WORK ORDER: Copy every line below exactly.

SUPPLIED MATERIAL:

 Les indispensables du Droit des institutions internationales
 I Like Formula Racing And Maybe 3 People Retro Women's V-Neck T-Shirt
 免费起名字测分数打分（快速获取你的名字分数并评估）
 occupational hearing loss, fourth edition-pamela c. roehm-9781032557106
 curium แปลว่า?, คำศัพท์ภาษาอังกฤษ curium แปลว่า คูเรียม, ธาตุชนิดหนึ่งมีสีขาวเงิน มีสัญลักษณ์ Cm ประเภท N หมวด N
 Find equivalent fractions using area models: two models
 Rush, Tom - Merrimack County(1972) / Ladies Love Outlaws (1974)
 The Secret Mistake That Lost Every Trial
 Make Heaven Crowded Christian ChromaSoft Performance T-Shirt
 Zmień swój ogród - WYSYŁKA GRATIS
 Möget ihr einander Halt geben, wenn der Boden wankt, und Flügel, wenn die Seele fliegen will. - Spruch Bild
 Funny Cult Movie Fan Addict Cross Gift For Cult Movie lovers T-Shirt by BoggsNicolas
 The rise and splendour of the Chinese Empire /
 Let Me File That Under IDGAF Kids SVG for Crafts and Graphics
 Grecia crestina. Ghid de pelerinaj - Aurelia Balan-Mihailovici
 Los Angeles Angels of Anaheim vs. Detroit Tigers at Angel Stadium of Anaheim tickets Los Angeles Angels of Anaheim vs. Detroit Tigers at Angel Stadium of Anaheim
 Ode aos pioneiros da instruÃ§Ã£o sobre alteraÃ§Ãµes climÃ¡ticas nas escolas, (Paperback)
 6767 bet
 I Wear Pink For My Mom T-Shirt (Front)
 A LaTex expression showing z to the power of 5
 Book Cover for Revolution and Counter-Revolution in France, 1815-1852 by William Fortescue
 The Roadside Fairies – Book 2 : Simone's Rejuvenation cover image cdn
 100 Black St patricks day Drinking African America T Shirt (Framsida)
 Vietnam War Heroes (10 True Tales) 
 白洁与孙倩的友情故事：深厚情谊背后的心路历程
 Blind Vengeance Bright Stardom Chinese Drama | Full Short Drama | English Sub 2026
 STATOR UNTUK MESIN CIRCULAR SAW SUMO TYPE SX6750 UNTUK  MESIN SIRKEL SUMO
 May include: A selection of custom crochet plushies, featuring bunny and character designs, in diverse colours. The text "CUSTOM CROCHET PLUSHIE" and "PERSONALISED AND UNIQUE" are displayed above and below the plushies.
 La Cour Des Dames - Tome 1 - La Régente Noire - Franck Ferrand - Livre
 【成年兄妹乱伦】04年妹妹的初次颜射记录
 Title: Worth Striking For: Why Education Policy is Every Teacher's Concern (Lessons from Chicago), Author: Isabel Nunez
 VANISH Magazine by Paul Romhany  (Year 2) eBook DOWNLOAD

EXERCISE RESPONSE:
 Les indispensables du Droit des institutions internationales
 I Like Formula Racing And Maybe 3 People Retro Women's V-Neck T-Shirt
 免费起名字测分数打分（快速获取你的名字分数并评估）
 occupational hearing loss, fourth edition-pamela c. roehm-9781032557106
 curium แปลว่า?, คำศัพท์ภาษาอังกฤษ curium แปลว่า คูเรียม, ธาตุชนิดหนึ่งมีสีขาวเงิน มีสัญลักษณ์ Cm ประเภท N หมวด N
 Find equivalent fractions using area models: two models
 Rush, Tom - Merrimack County(1972) / Ladies Love Outlaws (1974)
 The Secret Mistake That Lost Every Trial
 Make Heaven Crowded Christian ChromaSoft Performance T-Shirt
 Zmień swój ogród - WYSYŁKA GRATIS
 Möget ihr einander Halt geben, wenn der Boden wankt, und Flügel, wenn die Seele fliegen will. - Spruch Bild
 Funny Cult Movie Fan Addict Cross Gift For Cult Movie lovers T-Shirt by BoggsNicolas
 The rise and splendour of the Chinese Empire /
 Let Me File That Under IDGAF Kids SVG for Crafts and Graphics
 Grecia crestina. Ghid de pelerinaj - Aurelia Balan-Mihailovici
 Los Angeles Angels of Anaheim vs. Detroit Tigers at Angel Stadium of Anaheim tickets Los Angeles Angels of Anaheim vs. Detroit Tigers at Angel Stadium of Anaheim
 Ode aos pioneiros da instruÃ§Ã£o sobre alteraÃ§Ãµes climÃ¡ticas nas escolas, (Paperback)
 6767 bet
 I Wear Pink For My Mom T-Shirt (Front)
 A LaTex expression showing z to the power of 5
 Book Cover for Revolution and Counter-Revolution in France, 1815-1852 by William Fortescue
 The Roadside Fairies – Book 2 : Simone's Rejuvenation cover image cdn
 100 Black St patricks day Drinking African America T Shirt (Framsida)
 Vietnam War Heroes (10 True Tales) 
 白洁与孙倩的友情故事：深厚情谊背后的心路历程
 Blind Vengeance Bright Stardom Chinese Drama | Full Short Drama | English Sub 2026
 STATOR UNTUK MESIN CIRCULAR SAW SUMO TYPE SX6750 UNTUK  MESIN SIRKEL SUMO
 May include: A selection of custom crochet plushies, featuring bunny and character designs, in diverse colours. The text "CUSTOM CROCHET PLUSHIE" and "PERSONALISED AND UNIQUE" are displayed above and below the plushies.
 La Cour Des Dames - Tome 1 - La Régente Noire - Franck Ferrand - Livre
 【成年兄妹乱伦】04年妹妹的初次颜射记录
 Title: Worth Striking For: Why Education Policy is Every Teacher's Concern (Lessons from Chicago), Author: Isabel Nunez
 VANISH Magazine by Paul Romhany  (Year 2) eBook DOWNLOAD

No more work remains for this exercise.